Tu peux essayer de réduire le poids des images ou des vidéos par exemple. Pour Dailymotion, pas de problème. Avec iWeb2, tu peux même mettre la vidéo dans ta page web. Avec iWeb1, il faut utiliser iWebMore.
Pour le logiciel de FTP, moi, j'utilise FireFTP. Mais il y a aussi Cyberduck. Et d'autres encore.
Quant à la publication, tu transfères en ligne le contenu de la publication dans un dossier : c'est à dire le fichier *index.html* et le dossier *Site*.
Ensuite (méthode pour Fire FTP), lorsque tu fais des modifications, tu ne retransfères que les éléments de la page modifiée : c'est à dire le fichier *nomdelapage.html* et le dossier *nomdelapage_files* (pour les blogs, il n'y a qu'un dossier), + quelques éléments annexes comme le dossier *Images* (iWeb 1) ou *Médias* (iWeb 2) si tu a mis des éléments sur ta page qui sont rangés dans ces dossiers. Tous ces fichiers et dossiers sont dans le dossier *Site*.


----------



## marie99 (19 Décembre 2007)

pour l'instant tt se met automatiquement dans domain lorsque j'enregistre le site sur mon ordi. où se trouve le fichier *nomdelapage.html* et le dossier *nomdelapage_files ? 
*lorsque tu parles du dossier site tu parles du  dossier domain ?

est ce que je dois créer un dossier avec toutes les images qui sont sur mon site ?

je vais essayer le ftp que tu m'indiques, merci


----------



## Deleted member 18124 (20 Décembre 2007)

marie99 a dit:


> pour l'instant tt se met automatiquement dans domain lorsque j'enregistre le site sur mon ordi. où se trouve le fichier *nomdelapage.html* et le dossier *nomdelapage_files ?
> *lorsque tu parles du dossier site tu parles du  dossier domain ?
> 
> est ce que je dois créer un dossier avec toutes les images qui sont sur mon site ?
> ...


Lorsque tu vas dans le menu Fichier > Publier dans un dossier il te propose un emplacement. Prends le dossier Sites de ton dossier utilisateur. Il va y enregistrer le contenu de la publication : le fichier index.html et le dossier Site. Dans ce dossier Site, il y a les fichiers html et dossiers des pages.

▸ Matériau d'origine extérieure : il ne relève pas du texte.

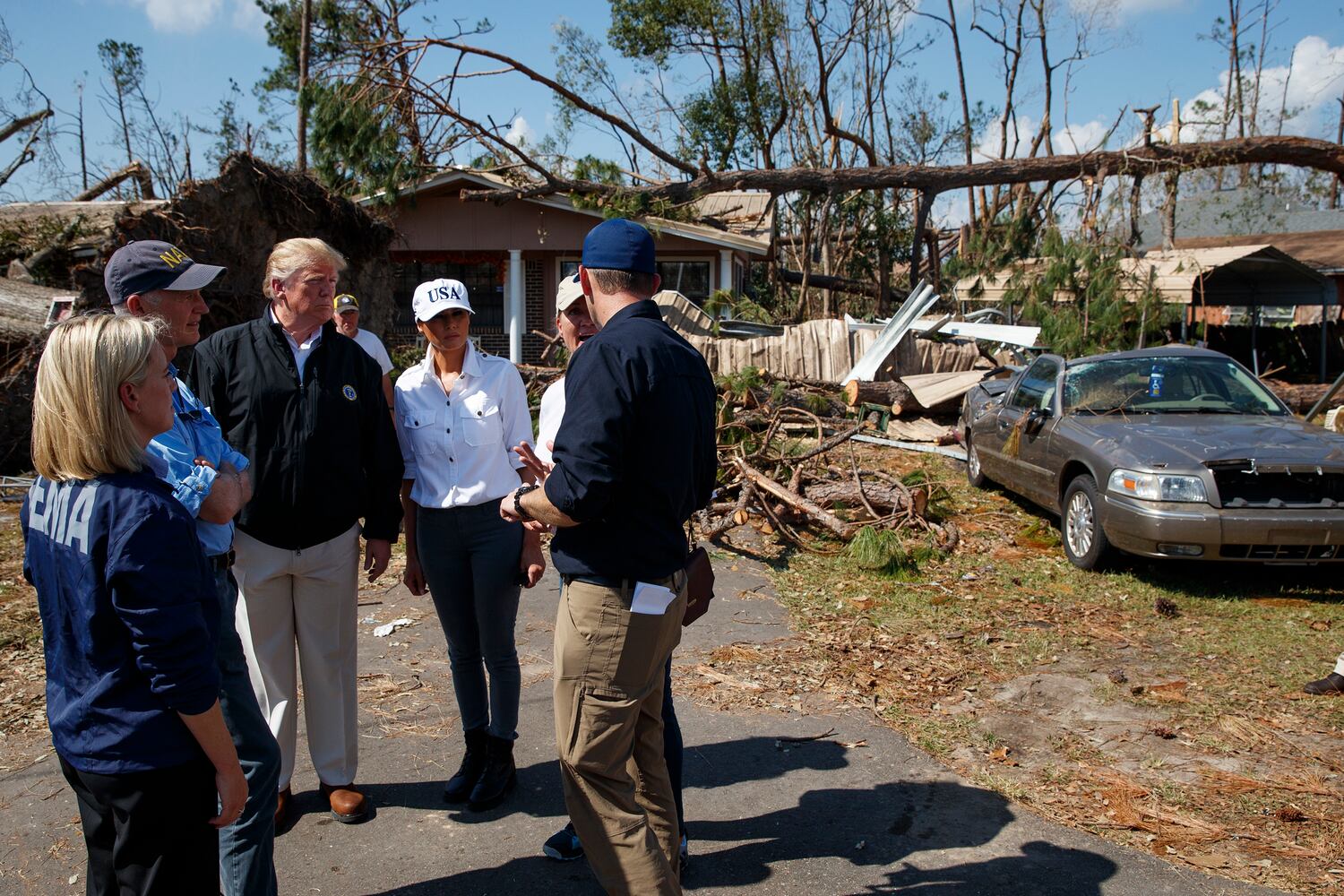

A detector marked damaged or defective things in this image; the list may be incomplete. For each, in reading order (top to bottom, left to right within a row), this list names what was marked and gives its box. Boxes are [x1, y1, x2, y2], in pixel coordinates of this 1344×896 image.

damaged car [961, 346, 1344, 570]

Domain, c'est le *fichier* où est enregistré par iWeb le site que tu crées (et donc à sauvegarder). Et lui, il est dans Ton dossier utilisateur / Bibliothèque / Application Support / iWeb. 

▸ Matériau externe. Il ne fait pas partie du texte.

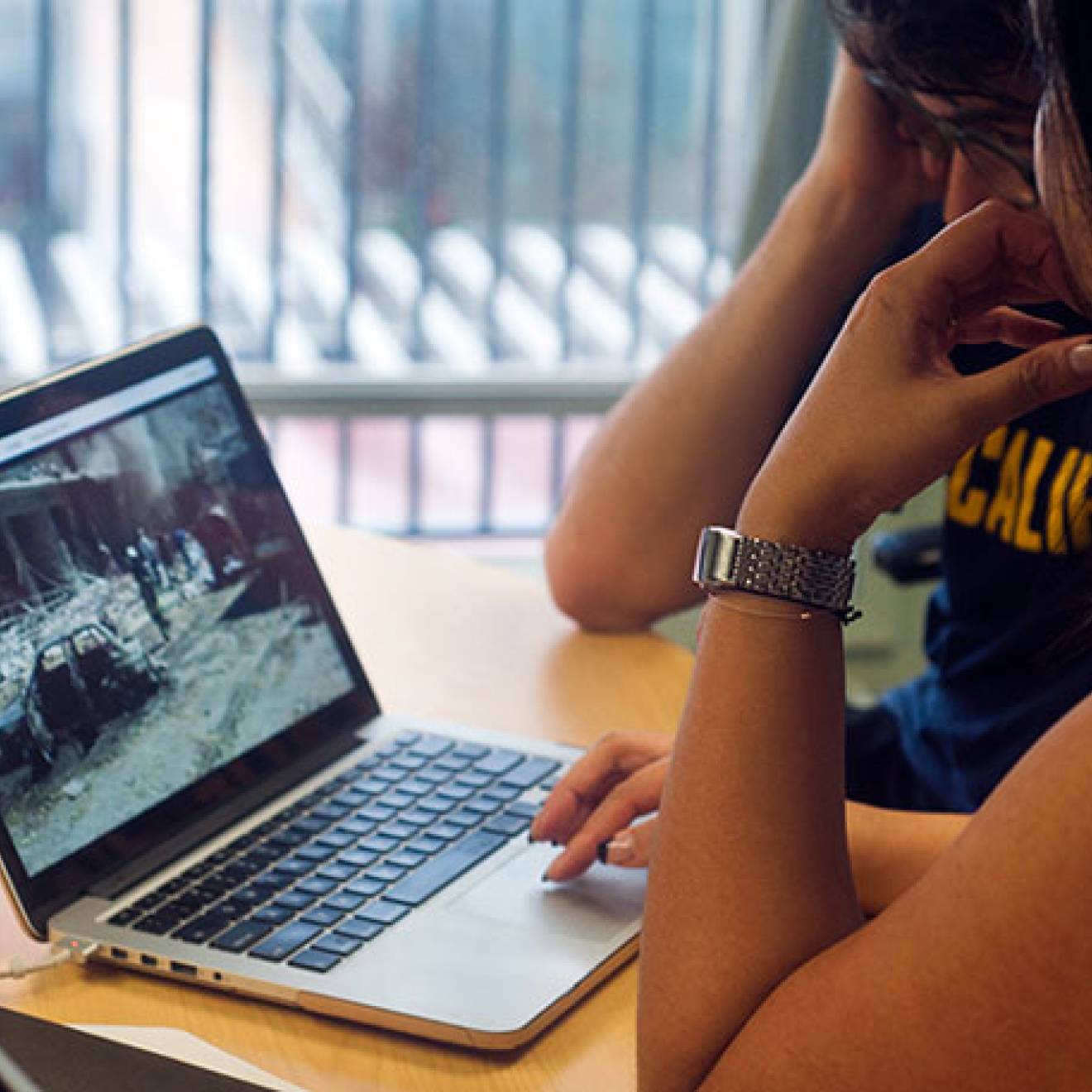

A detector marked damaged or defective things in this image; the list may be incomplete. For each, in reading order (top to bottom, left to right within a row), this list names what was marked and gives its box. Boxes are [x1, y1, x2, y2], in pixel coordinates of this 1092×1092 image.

destroyed vehicle [23, 622, 165, 778]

Ce n'est pas la même chose.


----------



## marie99 (20 Décembre 2007)

iduck j'avance mais j'ai encore besoin de toi..!
j'ai enfin tout compris pour lal localisation de mes dossiers.

j'ai créé une adresse sur ifrance.com et j'ai réussi à avoir des informations de connexion ftp .  j'ai telechargé cyberduck. j'ai fait les transferts de fichiers,
  et... j'ai réussi à mettre le site en ligne... Mais un bandeau de pub parasite  chaque page du site, je veux donc changer d'hébergeur. Que me conseilles tu ? il me reste très peu de temps pour le mettre en ligne (c'est une surprise pour noël..)

merci encore


----------



## marie99 (20 Décembre 2007)

en fait pour free ils envoient les identifiants pas la poste et ça prend plus de temps que les autres, donc si tu connais un hebergeur qui me donne des identifiants en ligne et qui ne met pas de pub sur les sites persos c'ets genial..

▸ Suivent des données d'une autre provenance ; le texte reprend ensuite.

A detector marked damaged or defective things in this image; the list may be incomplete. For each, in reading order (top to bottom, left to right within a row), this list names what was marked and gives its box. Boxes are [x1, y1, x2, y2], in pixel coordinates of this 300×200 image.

autre chose : sur la navigation avec ifrance, le texte n'apparaissait pas correctement, j'vais pourtant utilisé une police basique je crois. un tuyau par rapport à ça ? je ne voudrais pas que les internautes aient des symboles à la place de certaines lettres.

enfin : j'avais mis qq gifs animés mais ils ne s'animent pas...


----------



## koeklin (20 Décembre 2007)

marie99 a dit:


> autre chose : sur la navigation avec ifrance, le texte n'apparaissait pas correctement, j'vais pourtant utilisé une police basique je crois. un tuyau par rapport à ça ? je ne voudrais pas que les internautes aient des symboles à la place de certaines lettres.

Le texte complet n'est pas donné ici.